**What you need to do**
Taking the line with "Cup of coffee on a wooden table" as the first and the line with "an apartment swimming" as the last, set down the lines below exactly, pictures excluded.

**Data provided**
================================

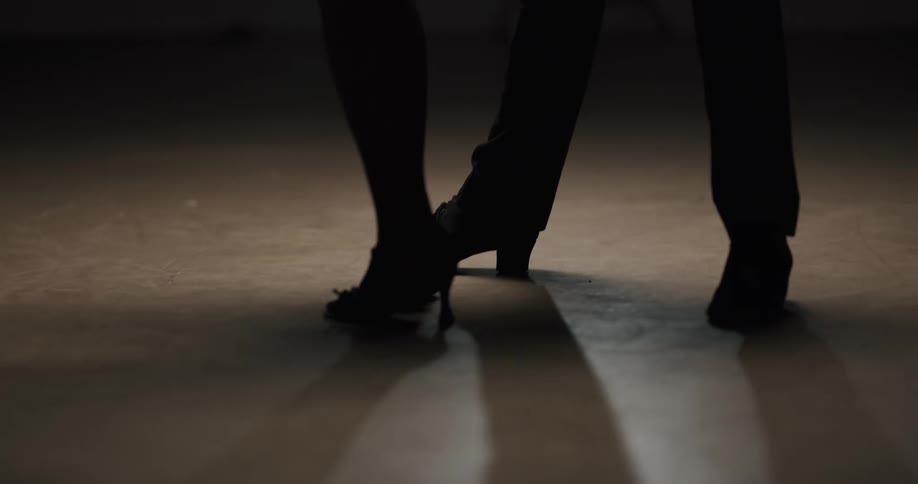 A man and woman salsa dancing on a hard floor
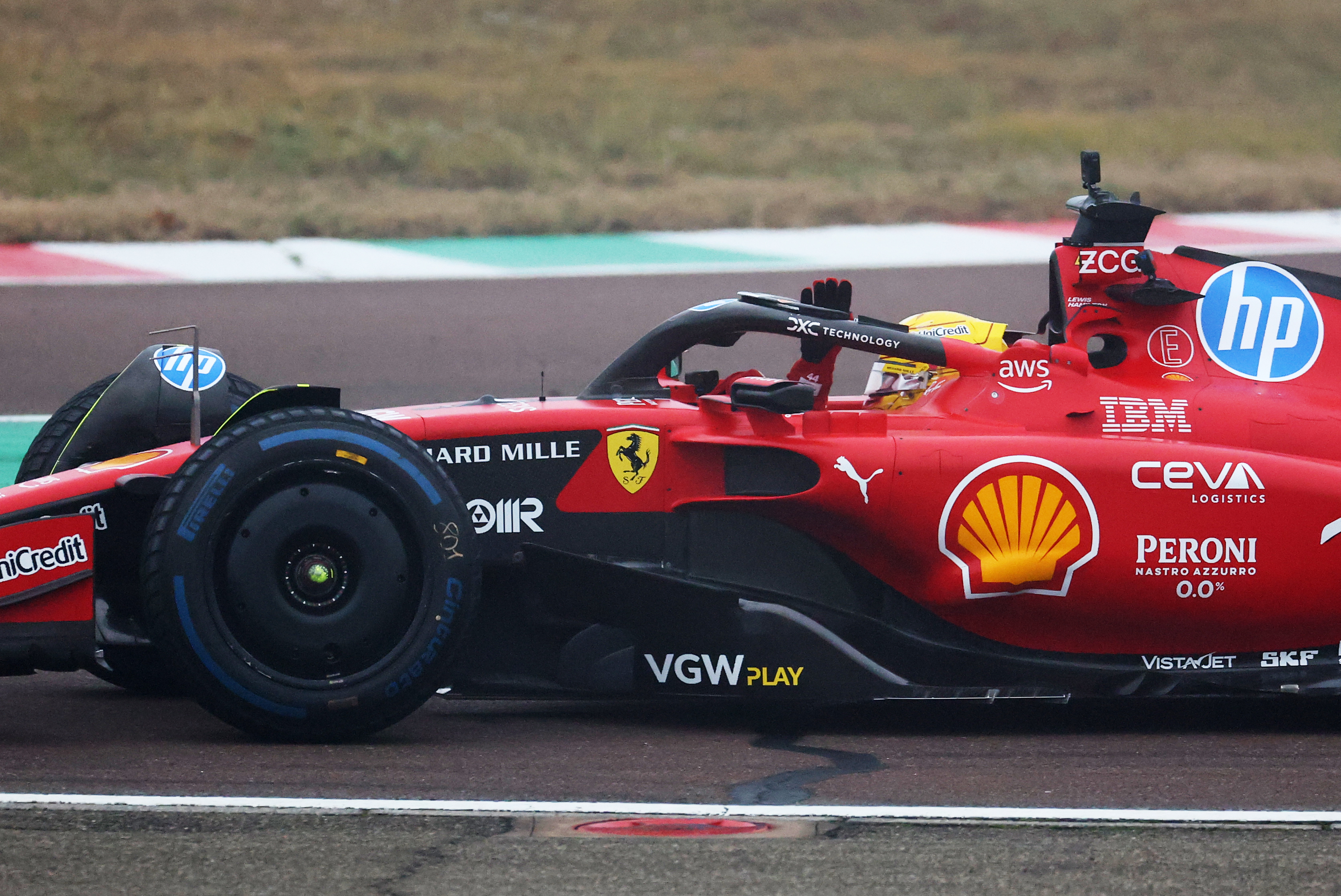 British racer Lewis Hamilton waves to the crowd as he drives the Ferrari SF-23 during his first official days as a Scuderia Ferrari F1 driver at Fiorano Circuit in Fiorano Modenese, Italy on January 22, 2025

================================

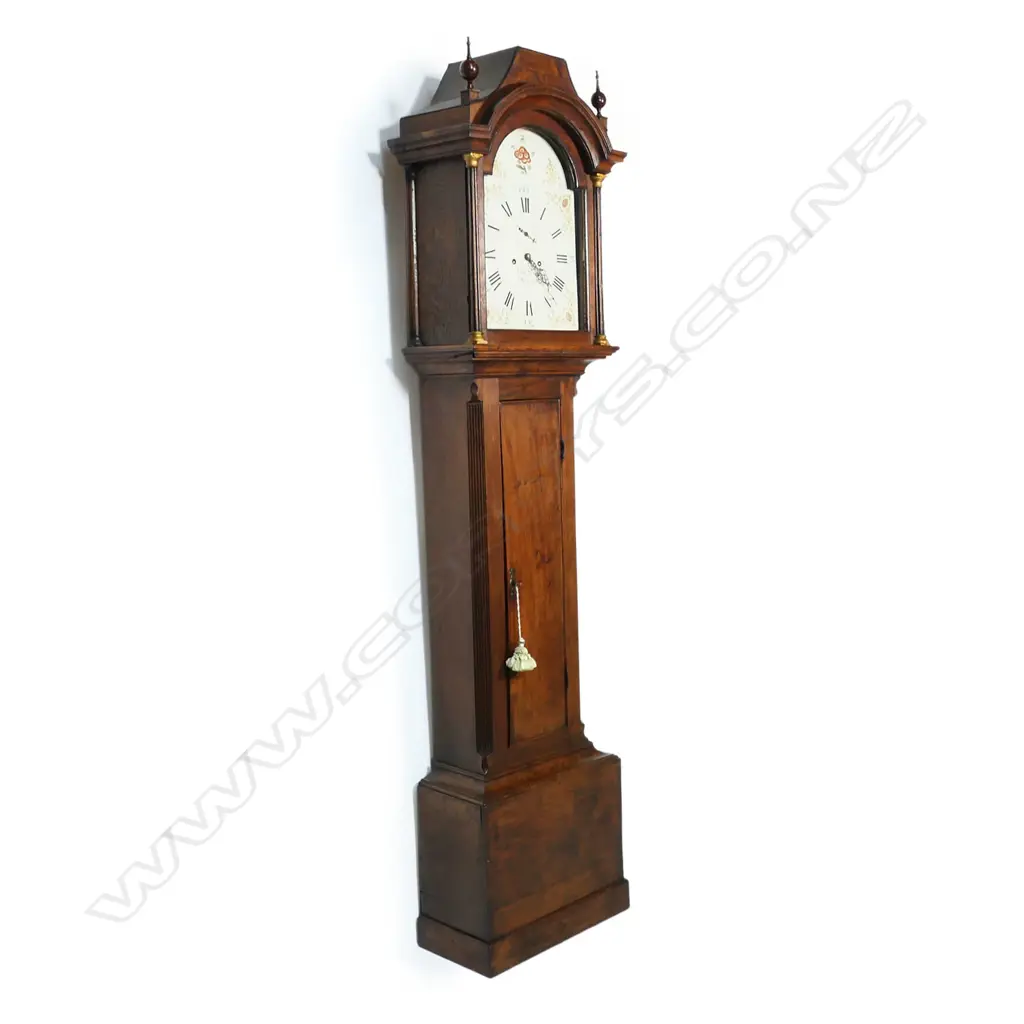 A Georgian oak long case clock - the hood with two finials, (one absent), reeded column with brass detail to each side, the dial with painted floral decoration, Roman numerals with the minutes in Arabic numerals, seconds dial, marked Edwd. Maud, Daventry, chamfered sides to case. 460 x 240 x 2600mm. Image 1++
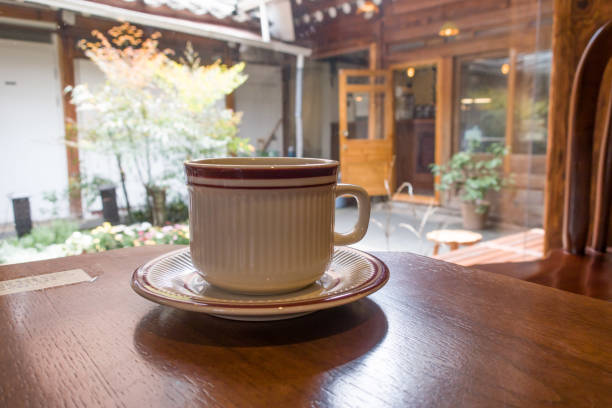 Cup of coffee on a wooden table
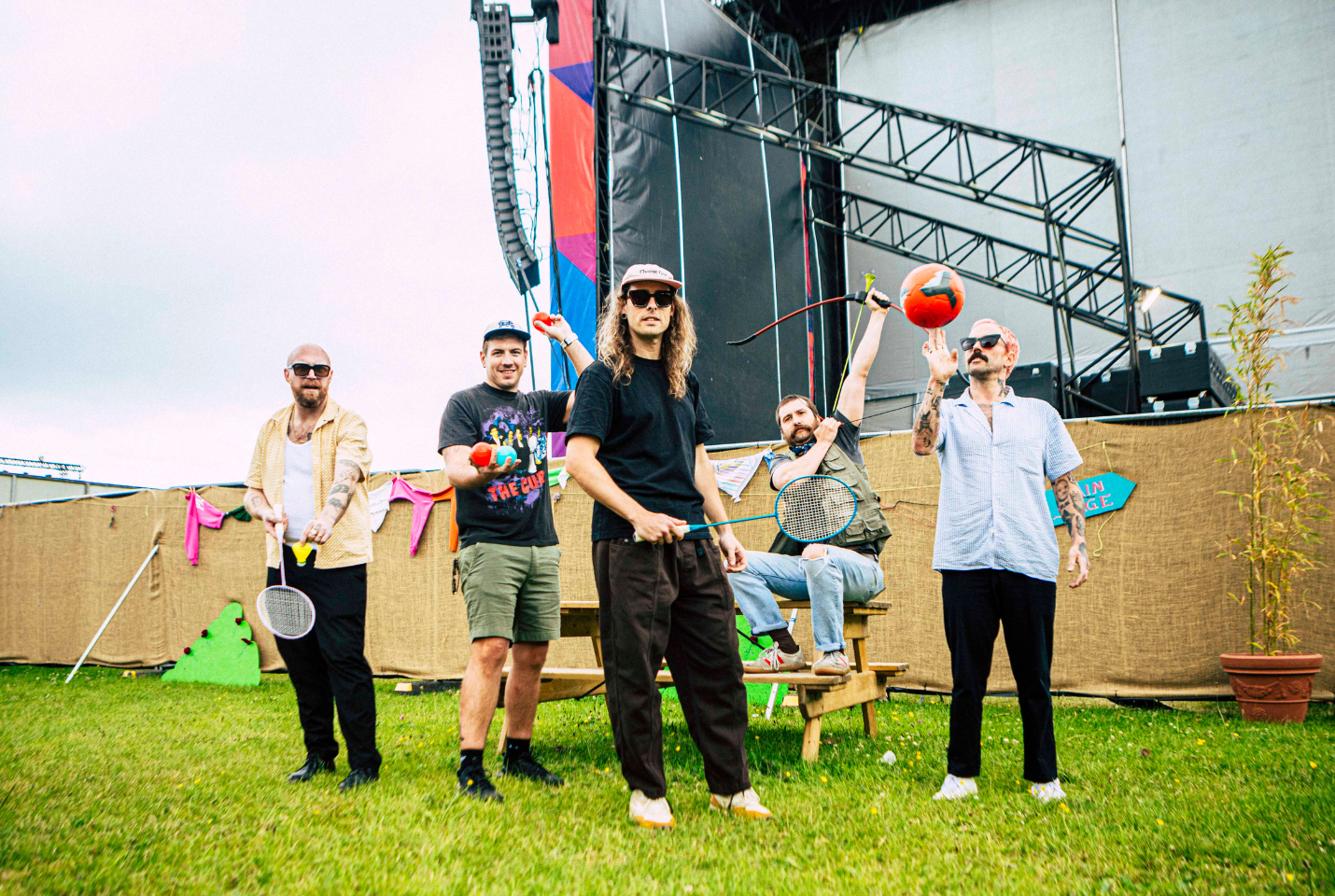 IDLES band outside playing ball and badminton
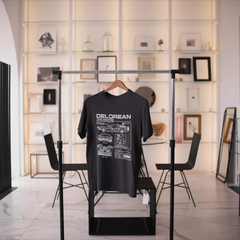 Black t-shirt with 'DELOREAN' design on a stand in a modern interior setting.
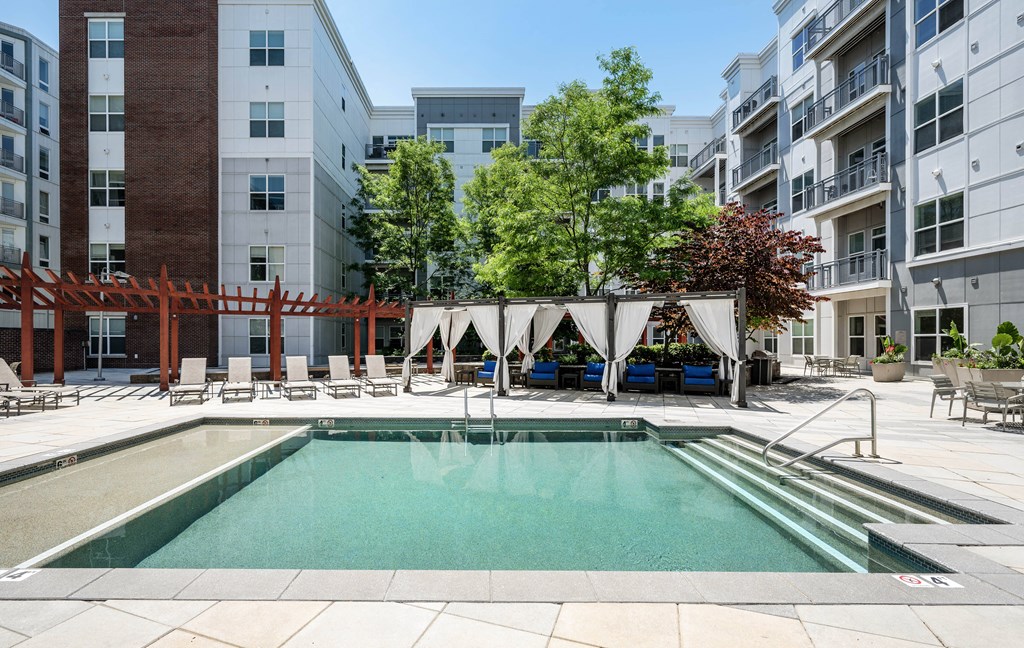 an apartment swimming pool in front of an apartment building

================================

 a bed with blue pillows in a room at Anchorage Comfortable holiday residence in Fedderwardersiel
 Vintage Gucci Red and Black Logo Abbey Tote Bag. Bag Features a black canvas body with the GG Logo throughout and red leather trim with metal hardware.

================================

**Exercise output**
 Cup of coffee on a wooden table
 IDLES band outside playing ball and badminton
 Black t-shirt with 'DELOREAN' design on a stand in a modern interior setting.
 an apartment swimming pool in front of an apartment building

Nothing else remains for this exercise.